Mardi 24 Novembre 2020

Soyez prudent : le dernier survivant de la grippe d'Espagne en 1918 lance un avertissement sur le coronavirus


José Ameal Peña avait quatre ans lorsque la grippe de 1918 a ravagé sa petite ville de pêcheurs du nord de l'Espagne, son chemin mortel raconté par la sonnerie quotidienne des cloches de l'église.
Plus d’un siècle plus tard, Ameal Peña - considéré comme le seul survivant espagnol d’une pandémie qui serait la plus meurtrière de l’histoire humaine - émet un avertissement alors que le monde affronte Covid-19. "Soyez prudent", a-t-il dit. «Je ne veux pas voir la même chose se répéter. Cela a coûté tant de vies. »
La grippe de 1918, connue sous le nom de grippe espagnole après que la presse nationale a été parmi les premiers à en parler, a tué entre 50 et 100 millions de personnes dans le monde.
Dans la ville de Luarca, à Ameal Peña, elle a fait 500 morts, soit le quart de la population de 2 000 habitants. Il regarda depuis sa fenêtre un flux constant de cortèges funèbres se diriger vers le cimetière.
À l'automne 1918, il est devenu le seul de ses sept frères et sœurs à attraper la grippe. "Je n'arrive toujours pas à comprendre comment je suis ici", a déclaré Ameal Peña, aujourd'hui âgée de 105 ans, au journal El Mundo. «Quand je me suis réveillé, je pouvais à peine marcher. J'ai dû ramper sur mes mains et mes genoux. » Alors qu'il luttait contre une fièvre implacable, un médecin lui a prescrit des vapeurs d'eucalyptus bouilli et d'algues.
Au cours des dernières semaines, Ameal Peña a observé avec inquiétude la nouvelle pandémie. L'Espagne a été parmi les pays les plus durement touchés, avec 1720 décès et dénombrements.
"Il sait exactement ce qui se passe avec le coronavirus", a déclaré sa fille Anunciata à El Mundo. "Depuis qu'il a vécu tout cela, il a du mal maintenant. Il a peur que quelque chose de similaire se reproduise, même si nous vivons à une époque très différente. "

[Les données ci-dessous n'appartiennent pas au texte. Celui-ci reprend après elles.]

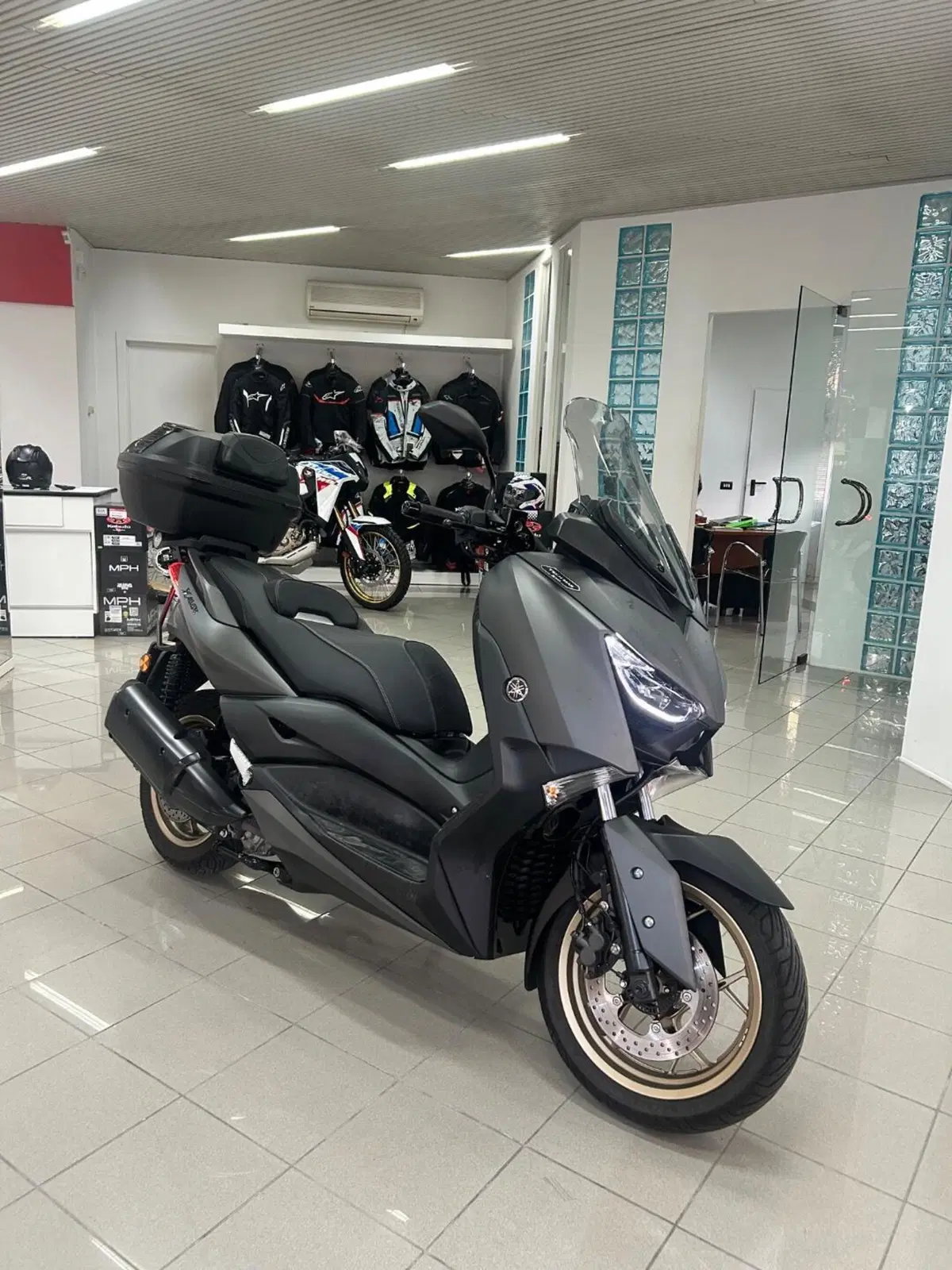 Yamaha X-Max 300 Tech Max (2021 - 24) (3)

Alors que la peur déclenchée par les deux pandémies est similaire, les avancées scientifiques ont permis d'isoler ce virus, de tester des médicaments antiviraux et de réaliser des traitements médicaux complexes.
Outre-Atlantique, un autre survivant de la grippe de 1918, Joe Newman, 107 ans, a offert son point de vue. «Il y a ceux d'entre nous qui disent, eh bien, cela aussi s'en ira. Et ce sera le cas », a déclaré le résident de Sarasota, en Floride, à NBC News. "Mais à quel prix, à quel prix?"
Newman a exhorté les gens à s'appuyer les uns sur les autres pour se soutenir. «Vous devez être ma béquille. Je dois être à toi. C'est ainsi que nous avons traversé toutes les crises que nous avons connues », a-t-il déclaré. "Et puis nous constatons, quand nous regardons en arrière, c'est ce qui nous a permis de passer au travers."